The best writing I’ve encountered in the last ten years is a novel about a man down on his luck and a woman down on her luck finding each other serendipitously. It’s not just a beautifully written story, it’s a wonderful, near perfect love story. Until the woman dies about 200 pages in. I threw the book across our bedroom.
It’s very easy to tap into a reader’s fear and sense of desperation. Everyone knows the problem with being alive here in the 2020s. But what about the idea of knowing how to celebrate the act of living at a time like this? What about stories that grab a reader because of strange idea? What about all the ways people manage to thrive in the face of adversity? What about stories celebrating the small wonders and immense beauty always right there in front of our faces? What about the amazing mystery of love and the astounding triumph of truth and beauty no matter what in the end?
To me, as a writer here and now in 2021, the best stories need to ask questions and they need to leave the windows and doors of human possibility wide open. Death, even peripherally, is about windows that close and doors closing forever. Even though it is sometimes mysterious and interesting, as a story element by definition it tends to shut down questions about life and beauty and love.
I can hear someone arguing that perhaps storytellers need to posit the worst scenarios in order to acknowledge the need for a better reality. I can also hear numerous writers and editors saying that death is the cube of possibility that gives our lives the infinite potential and profound meaning. The problem that vampires have is not where they will get their next quart of blood but that they must live forever.
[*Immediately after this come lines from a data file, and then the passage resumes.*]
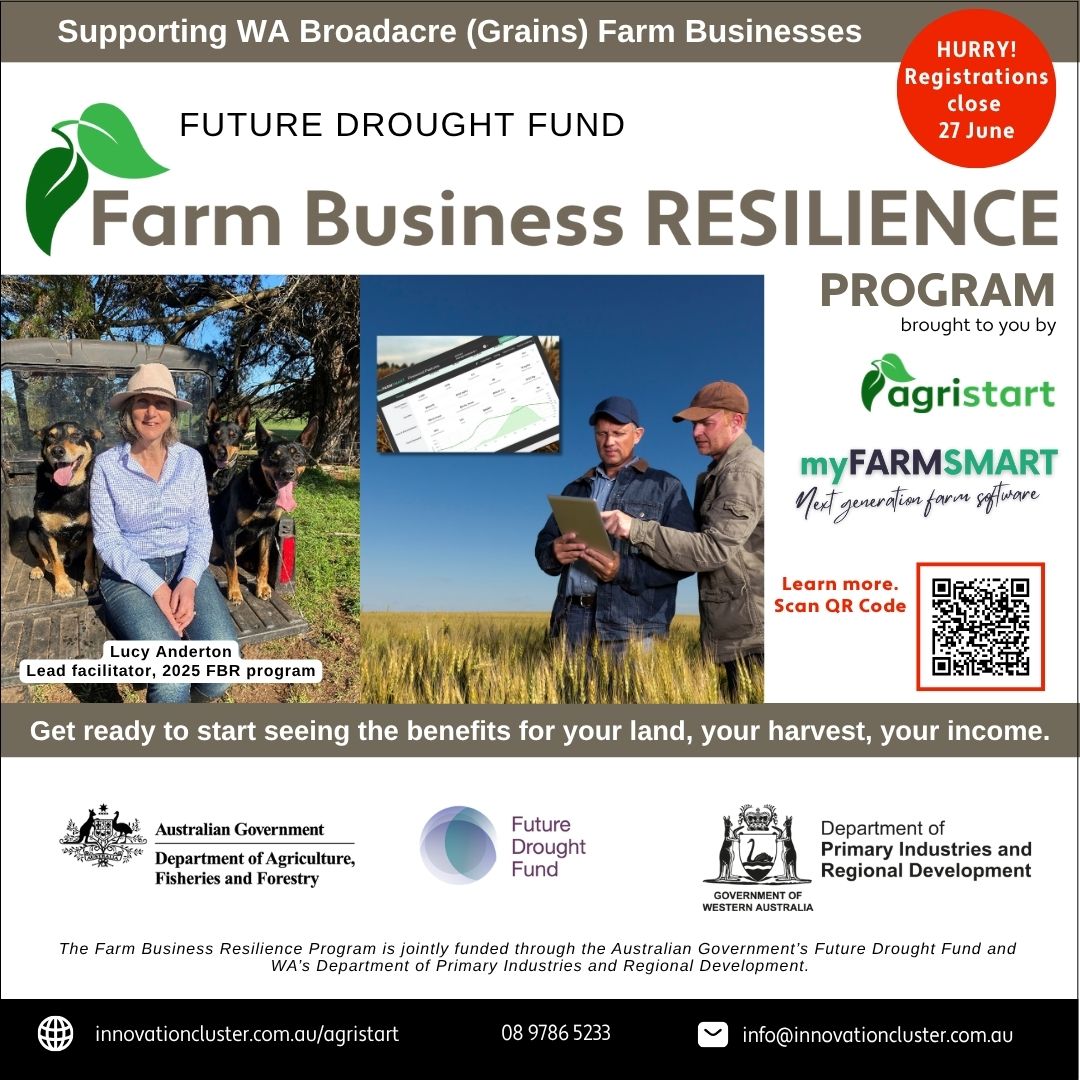 Graingrowers across WA have a new opportunity to strengthen their farm businesses through the 2025 Farm Business Resilience Program. Brought to you by <a href="/myFARMSMART/">myFARMSMART</a> and <a href="/AgristartWA/">AgriStart</a>,  the program offers tailored support and digital tools in business planning, risk management, and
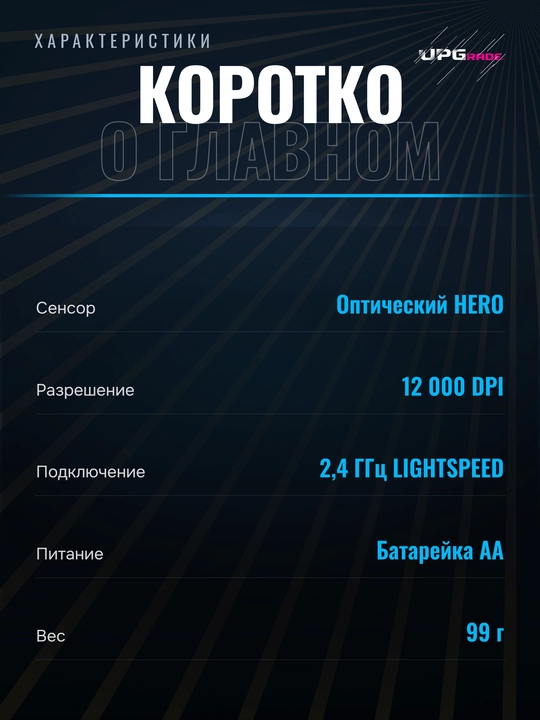 Simsiz o'yin sichqonchasi Logitech G G305 LIGHTSPEED, HERO 12 000 DPI, 99 g, 6 tugma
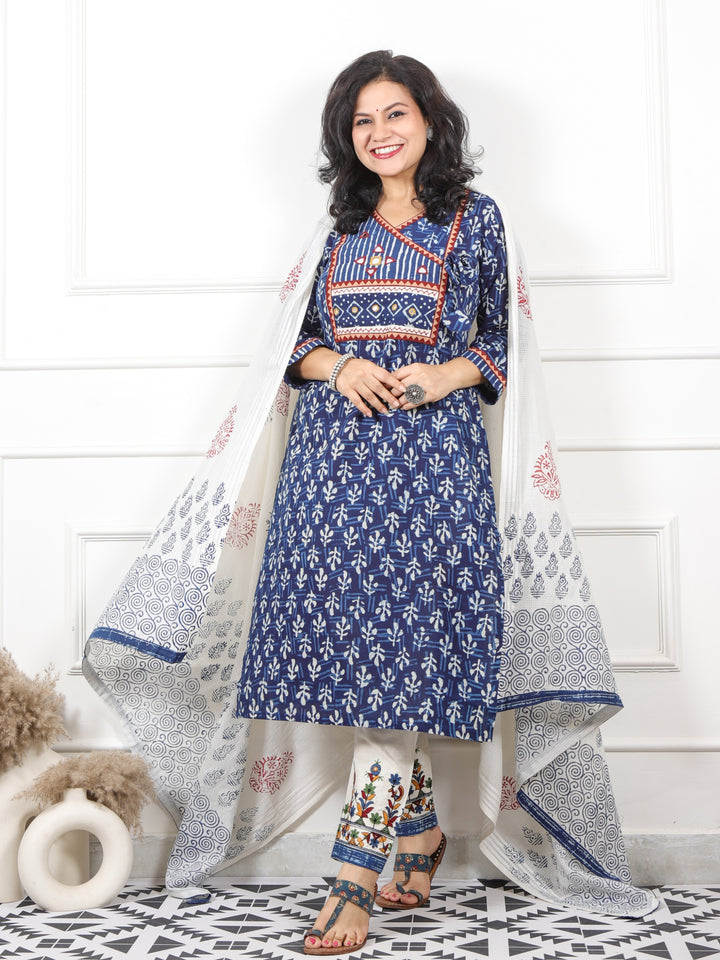 Iktara Indigo Blue Angrakha Neck with Mirror Work Dabu Print Cotton 3 Piece Set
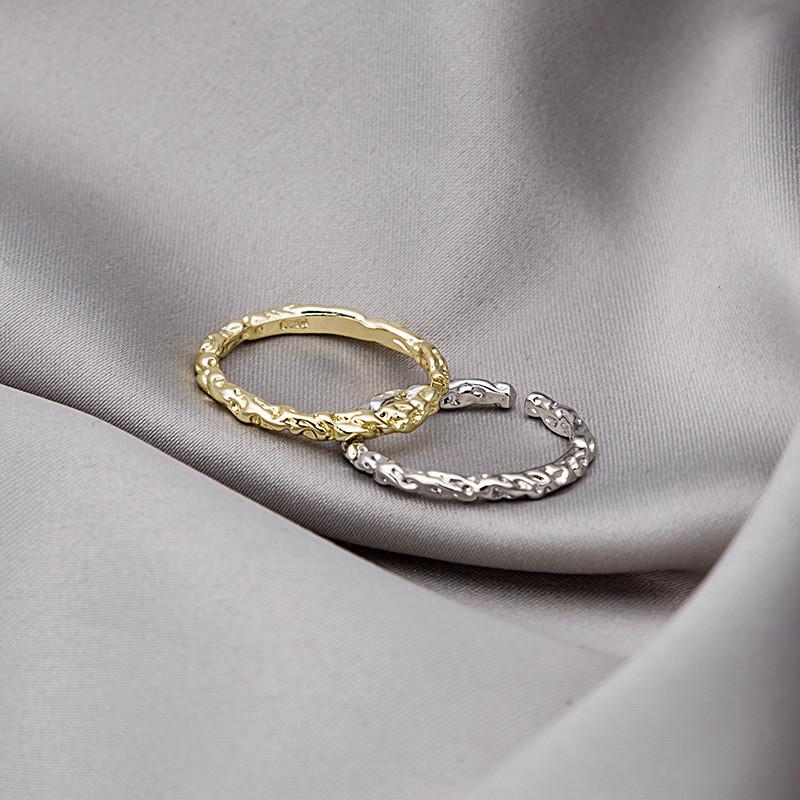 Cluster Rings Fashion Concave Convex Irregular Opening Ring For Women Girls Simple Style Punk Adjustable Finger Jewelry Party Gifts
So I do my best to stay away from death and all its implications in my stories. There’s plenty of other ways people suffer — from divorce to professional failure to falling short on some physical goal to all the psychological demons people face daily. Fuck death. And, yes, I’m saying that as much to Dostoevsky and Shakespeare and Tolstoy and Poe and James Joyce himself as I am to myself and my fiction writing brothers and sisters. I’m saying it as well knowing how hard it is to stay away from that light sucking black hole. If you tell a person’s story through time you can’t escape their death. If you tell a story about old people, it’s always there. Death or the end of life as we know it … I get that. I’ve lost far too many people from this world just like everyone else over the age of forty.
(Maybe this is entire essay is just wishful thinking anyway. I’m old AF. I know it’s coming sooner rather than later. Maybe I’m just talking to myself here, trying to protect readers from a writer in the last phase of creative endeavor).
But our best writing needs to be about wonder and human connection and the secret to finding awe and inspiration in everything from the exploration of the natural world to small moments with children or pets, and the myriad solutions to fear and suffering that love provides anyone and everyone open and vulnerable enough to being in the present together. Death can be a sideshow.
The great writer, psychologist, and spiritual teacher, Baba Ram Dass, died in 2020. I read his most famous book (perhaps the memoir of all memoirs), Be Here Now, when I was sixteen. It changed me permanently.
In thinking about the fact that we eventually lose all human beings until it is our turn, I keep coming back to what Ram Dass said about life and death: “We’re all just walking each other home.” You can go all the way into infinity with those words and see the entire history of philosophy and every religion in them. And you can also see how beautiful and inspiring a simple moment with a friend or family member can be. That’s what the best writing can take on. That’s what the hardest stories to write attempt to get at. Why write about anything else? Why read anything else? It’s okay. It’s okay.